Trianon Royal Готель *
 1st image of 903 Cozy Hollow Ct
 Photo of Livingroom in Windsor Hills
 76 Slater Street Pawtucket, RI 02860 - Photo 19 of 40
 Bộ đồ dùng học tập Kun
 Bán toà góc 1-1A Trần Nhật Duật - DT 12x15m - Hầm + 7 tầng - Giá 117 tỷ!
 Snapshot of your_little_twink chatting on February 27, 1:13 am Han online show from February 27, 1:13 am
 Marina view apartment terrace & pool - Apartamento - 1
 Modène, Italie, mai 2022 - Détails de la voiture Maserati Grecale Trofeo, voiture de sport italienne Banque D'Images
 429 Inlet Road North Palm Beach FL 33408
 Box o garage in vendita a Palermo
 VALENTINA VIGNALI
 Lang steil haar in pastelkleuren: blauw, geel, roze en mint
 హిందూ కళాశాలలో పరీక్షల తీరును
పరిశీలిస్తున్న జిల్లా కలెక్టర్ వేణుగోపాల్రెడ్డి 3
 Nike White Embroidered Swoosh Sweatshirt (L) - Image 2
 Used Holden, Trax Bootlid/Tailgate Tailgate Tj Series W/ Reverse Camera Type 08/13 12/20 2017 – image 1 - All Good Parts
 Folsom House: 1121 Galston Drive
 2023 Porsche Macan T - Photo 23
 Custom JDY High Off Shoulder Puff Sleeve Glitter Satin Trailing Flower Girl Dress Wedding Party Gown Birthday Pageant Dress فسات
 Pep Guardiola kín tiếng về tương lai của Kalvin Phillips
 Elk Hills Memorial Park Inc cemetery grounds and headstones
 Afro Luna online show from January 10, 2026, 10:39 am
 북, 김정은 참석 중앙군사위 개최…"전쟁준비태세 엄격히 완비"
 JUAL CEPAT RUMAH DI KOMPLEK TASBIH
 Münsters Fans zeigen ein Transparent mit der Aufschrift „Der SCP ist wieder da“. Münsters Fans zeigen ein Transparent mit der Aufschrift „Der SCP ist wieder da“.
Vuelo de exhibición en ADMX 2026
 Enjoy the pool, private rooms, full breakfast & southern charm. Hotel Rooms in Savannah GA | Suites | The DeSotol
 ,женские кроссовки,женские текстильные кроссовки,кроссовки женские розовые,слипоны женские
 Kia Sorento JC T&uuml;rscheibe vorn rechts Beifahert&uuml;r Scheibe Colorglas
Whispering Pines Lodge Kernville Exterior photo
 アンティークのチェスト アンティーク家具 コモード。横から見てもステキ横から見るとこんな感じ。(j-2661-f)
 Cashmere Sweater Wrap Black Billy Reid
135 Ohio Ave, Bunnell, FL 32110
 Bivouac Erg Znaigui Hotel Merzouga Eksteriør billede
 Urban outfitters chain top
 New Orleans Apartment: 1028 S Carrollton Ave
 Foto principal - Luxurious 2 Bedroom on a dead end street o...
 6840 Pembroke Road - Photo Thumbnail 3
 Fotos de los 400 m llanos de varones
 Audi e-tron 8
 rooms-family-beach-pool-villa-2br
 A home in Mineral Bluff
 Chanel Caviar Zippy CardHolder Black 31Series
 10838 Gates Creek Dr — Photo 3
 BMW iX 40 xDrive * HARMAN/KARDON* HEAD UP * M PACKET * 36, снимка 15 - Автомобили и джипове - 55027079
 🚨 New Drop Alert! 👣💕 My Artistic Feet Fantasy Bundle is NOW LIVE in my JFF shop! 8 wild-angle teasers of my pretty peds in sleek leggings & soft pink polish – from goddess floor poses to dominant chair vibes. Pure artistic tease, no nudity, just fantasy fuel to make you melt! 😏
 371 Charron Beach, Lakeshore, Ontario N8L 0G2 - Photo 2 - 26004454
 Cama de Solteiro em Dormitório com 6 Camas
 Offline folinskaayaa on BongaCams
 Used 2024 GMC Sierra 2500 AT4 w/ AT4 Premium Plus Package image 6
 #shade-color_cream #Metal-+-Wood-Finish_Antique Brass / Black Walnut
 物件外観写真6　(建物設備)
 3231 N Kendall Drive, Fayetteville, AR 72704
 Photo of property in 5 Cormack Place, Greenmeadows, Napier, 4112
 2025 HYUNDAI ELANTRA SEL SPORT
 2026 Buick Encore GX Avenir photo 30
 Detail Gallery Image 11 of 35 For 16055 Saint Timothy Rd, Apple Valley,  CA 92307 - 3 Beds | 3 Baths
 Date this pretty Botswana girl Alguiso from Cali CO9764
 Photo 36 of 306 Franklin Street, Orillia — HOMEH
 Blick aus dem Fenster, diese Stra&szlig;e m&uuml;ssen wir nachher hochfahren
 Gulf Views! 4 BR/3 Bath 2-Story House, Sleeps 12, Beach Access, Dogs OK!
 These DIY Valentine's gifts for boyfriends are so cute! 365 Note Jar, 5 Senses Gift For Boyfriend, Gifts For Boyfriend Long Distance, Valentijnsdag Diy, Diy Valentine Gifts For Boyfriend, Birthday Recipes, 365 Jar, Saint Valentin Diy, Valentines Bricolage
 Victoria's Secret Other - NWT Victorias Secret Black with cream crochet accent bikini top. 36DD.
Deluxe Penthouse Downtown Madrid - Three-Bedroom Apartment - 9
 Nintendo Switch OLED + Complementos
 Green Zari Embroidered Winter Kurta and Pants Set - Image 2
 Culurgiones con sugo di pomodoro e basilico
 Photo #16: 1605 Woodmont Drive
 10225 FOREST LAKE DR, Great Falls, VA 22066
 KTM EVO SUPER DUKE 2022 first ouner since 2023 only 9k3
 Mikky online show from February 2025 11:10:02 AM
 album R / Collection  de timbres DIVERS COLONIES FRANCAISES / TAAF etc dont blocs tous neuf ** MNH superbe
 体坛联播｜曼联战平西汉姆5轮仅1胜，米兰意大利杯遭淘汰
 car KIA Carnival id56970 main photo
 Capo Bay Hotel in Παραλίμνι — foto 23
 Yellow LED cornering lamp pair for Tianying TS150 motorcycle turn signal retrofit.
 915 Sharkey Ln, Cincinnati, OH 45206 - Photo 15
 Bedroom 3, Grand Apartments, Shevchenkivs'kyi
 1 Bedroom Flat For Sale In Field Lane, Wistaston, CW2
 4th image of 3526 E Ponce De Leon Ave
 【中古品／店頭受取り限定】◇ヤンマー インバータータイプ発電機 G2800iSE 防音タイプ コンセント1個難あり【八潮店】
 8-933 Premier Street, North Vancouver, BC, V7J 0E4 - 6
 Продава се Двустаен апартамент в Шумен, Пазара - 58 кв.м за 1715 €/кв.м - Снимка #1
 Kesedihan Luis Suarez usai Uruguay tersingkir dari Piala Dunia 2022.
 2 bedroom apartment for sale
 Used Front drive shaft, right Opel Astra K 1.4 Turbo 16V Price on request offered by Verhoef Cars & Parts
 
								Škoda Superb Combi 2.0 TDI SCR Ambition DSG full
- - - - -
* Task instructions:
The required output is every line above from the one with "Victoria's Secret Other" down to the one with "Culurgiones con sugo di pomodoro e basilico", restated word for word, ends included.

* Task answer:
 Victoria's Secret Other - NWT Victorias Secret Black with cream crochet accent bikini top. 36DD.
Deluxe Penthouse Downtown Madrid - Three-Bedroom Apartment - 9
 Nintendo Switch OLED + Complementos
 Green Zari Embroidered Winter Kurta and Pants Set - Image 2
 Culurgiones con sugo di pomodoro e basilico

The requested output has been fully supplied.